Sinful desires lead to temptations
If we fail to exercise self-control over our sinful desires, then we’re heading for trouble. James provides some very helpful insight into the heart process that leads us along the road from desire through temptation and on into sin and ultimately to death:
Let no one say when he is tempted, “I am being tempted by God,” for God cannot be tempted with evil, and he himself tempts no one. But each person is tempted when he is lured and enticed by his own desire. Then desire when it has conceived gives birth to sin, and sin when it is fully grown brings forth death. (James 1:13-15)
So left to our own devices, the human predicament is completely hopeless. As we saw from Genesis 3, If we fail to keep our attractions (to anyone or anything) under control, they will inevitably give rise to sinful desires. And James teaches that these desires will lure and entice us into temptations, which if not resisted will give birth to sin, which if not forgiven will bring forth death! No wonder the Apostle Paul exclaims elsewhere, reflecting on his struggle with sin, “Wretched man that I am! Who will deliver me from this body of death?” (Romans 7:24)

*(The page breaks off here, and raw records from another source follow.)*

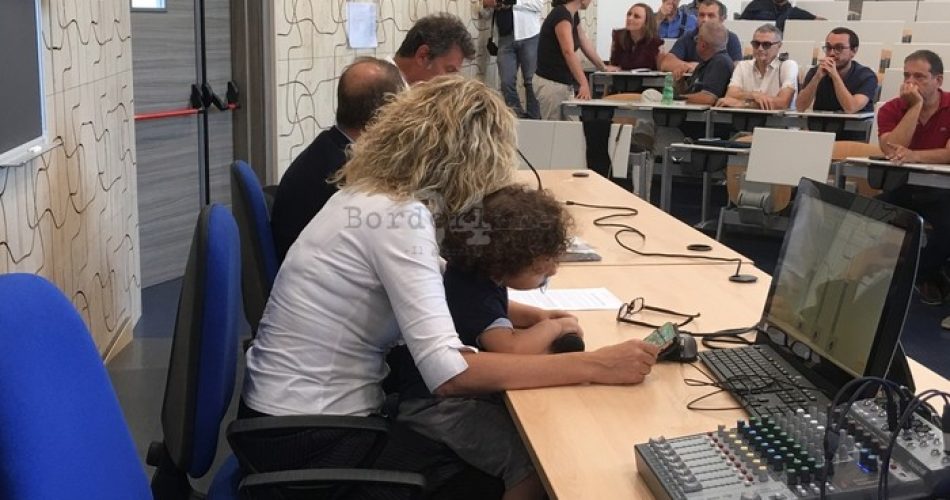 Ministra Lezzi relatrice con figlio in braccio a UniSalento (Ansa)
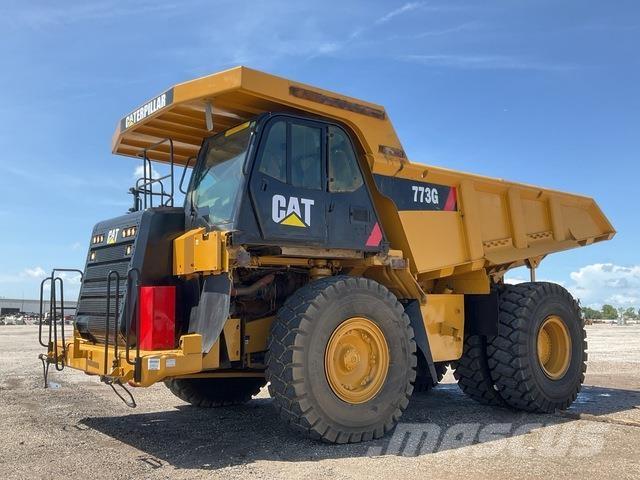 CAT 773G 铰接式自卸车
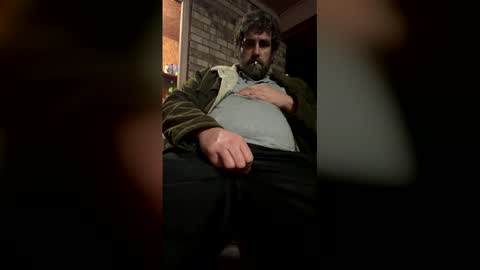 Snapshot of bigjohnson6923 chatting on May 8, 4:18 am bigjohnson6923 online show from May 8, 4:18 am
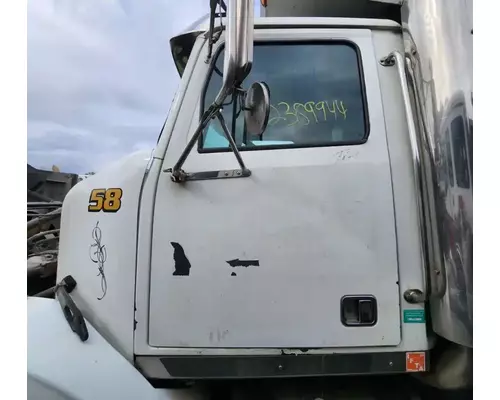 Western Star 4900SA Cab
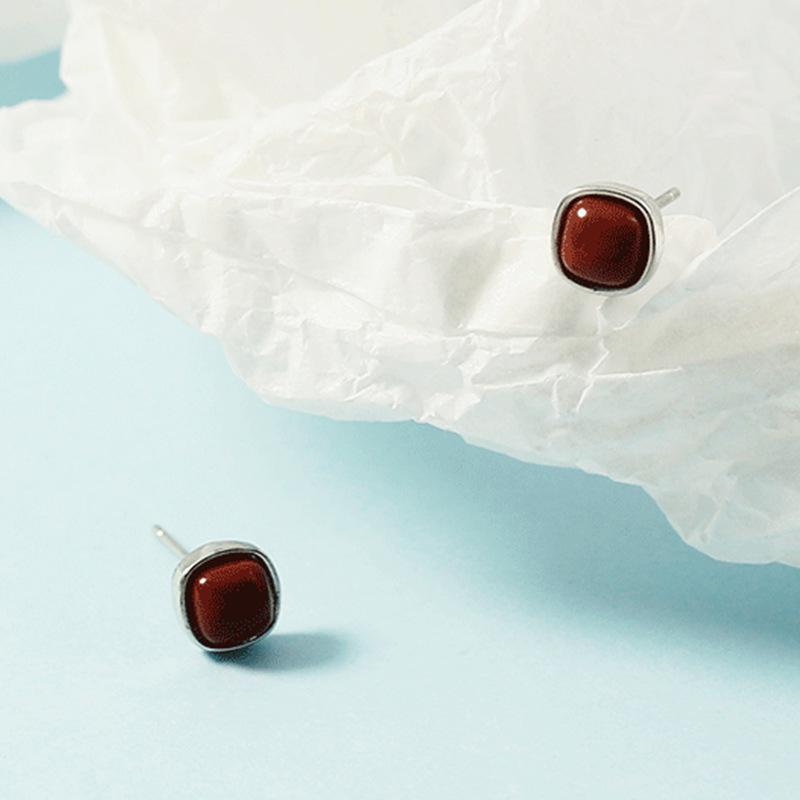 Women's Geometric Red Bean Mini Stud Earrings - Bean Paste Color, Versatile, Simple Niche Design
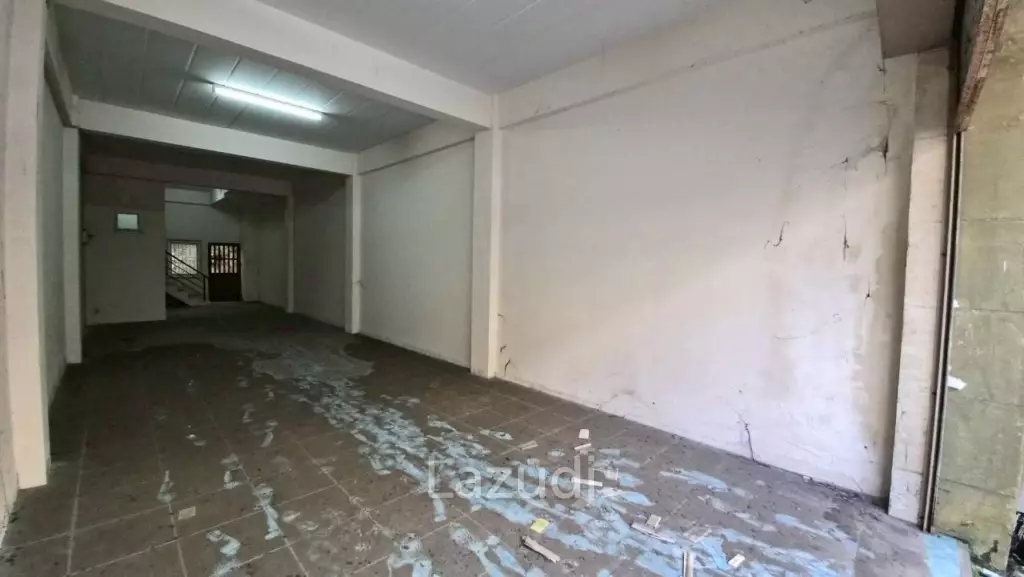 4 Beds 3 Baths 192 SQ.M. Commercial Building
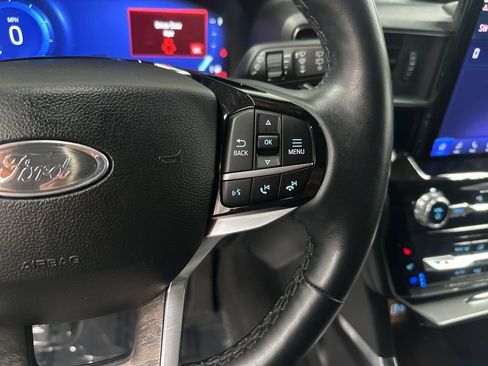 Used 2022 Ford Explorer Platinum w/ Equipment Group 601A AWD/4WD image 15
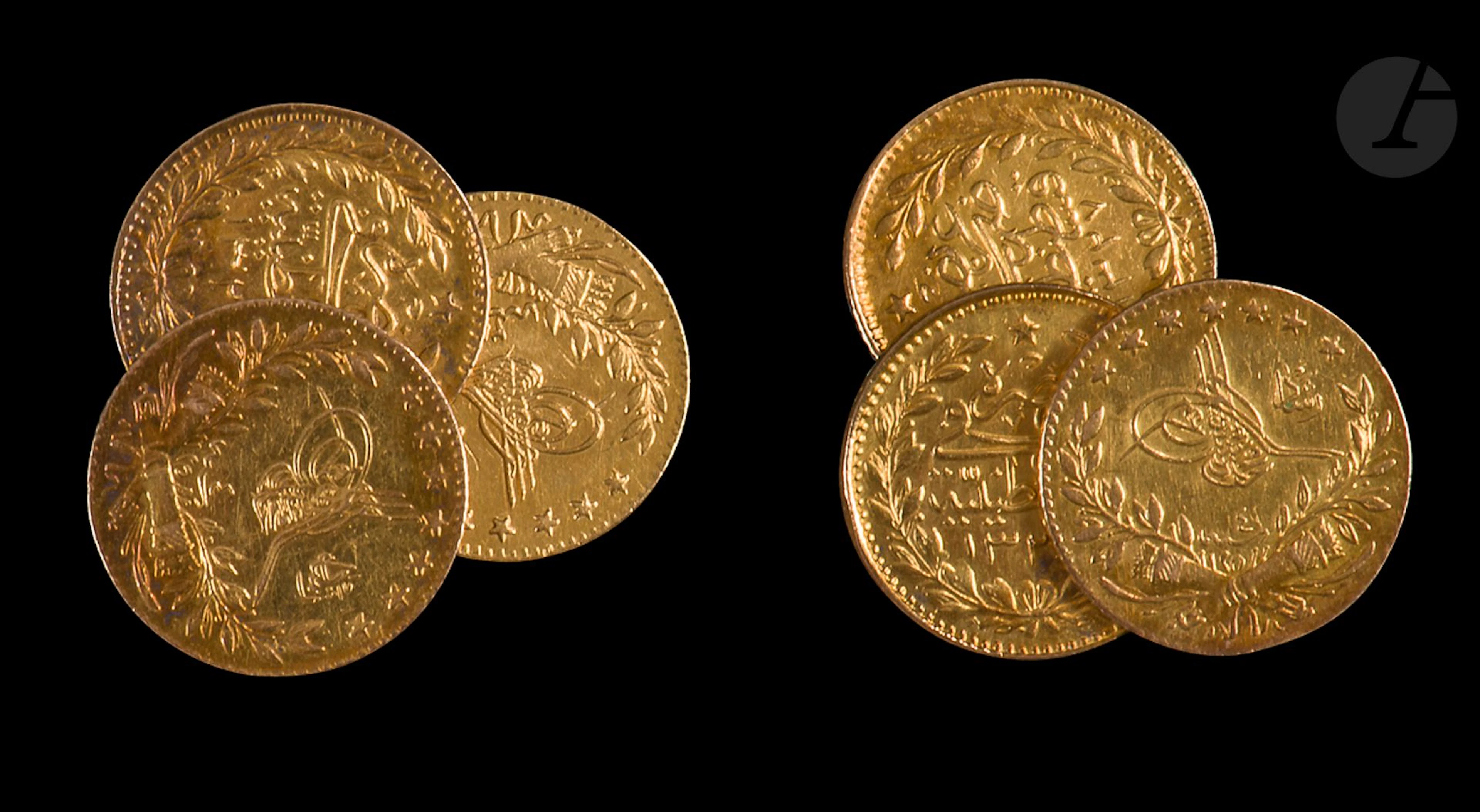 Paire de boutons de manchettes aux pièces... - Lot 114 - Ader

Jesus sympathizes and helps us to control our attractions
Praise God that, in Christ, we are not left to our own devices. We have one who can and will deliver us from our body of death and bring us securely into his glorious, eternal kingdom. One who has already paid the death penalty on our behalf and thereby fully satisfied God’s wrath for each and every time that you or I have allowed evil desires to conceive and give birth to sin. The writer of Hebrews reminds us that Jesus, because of his humanity, is able to offer sympathy and practical help as we struggle to keep our attractions under control and to resist temptation:
Since then we have a great high priest who has passed through the heavens, Jesus, the Son of God, let us hold fast our confession. For we do not have a high priest who is unable to sympathize with our weaknesses, but one who in every respect has been tempted as we are, yet without sin. Let us then with confidence draw near to the throne of grace, that we may receive mercy and find grace to help in time of need. (Hebrews 4:14-16)
Matthew reveals in his gospel that various attractions were laid out before Jesus when the Spirit led him out into the wilderness to be tempted by the devil (Matthew 4:1-11). This included the temptation to avoid the cross altogether by bowing down and worshiping Satan. Did Jesus find this an attractive proposition? Well, Matthew doesn’t tell us, but Luke records Jesus as praying later on the Mount of Olives, “Father, if you are willing, remove this cup from me. Nevertheless, not my will, but yours, be done” (Luke 22:42). This suggests that Jesus in his humanity found the prospect of avoiding the cross very attractive indeed.
What we do know for sure is that Jesus was “in every respect…tempted as we are, yet without sin.” We must conclude from this that to be tempted to do something sinful cannot itself actually be sinful. So I may be tempted to idolize someone of the same sex that I find attractive (on any number of levels), or tempted to lust over someone that I find physically attractive. But if, by God’s grace, I resist those temptations then I do not sin and do not need to feel guilty simply for experiencing attractions to people of the same sex.
And the great news is that I can resist those temptations. But only by approaching God’s throne of grace with confidence, through Jesus Christ, and by pleading for his mercy and grace to help me in my time of need.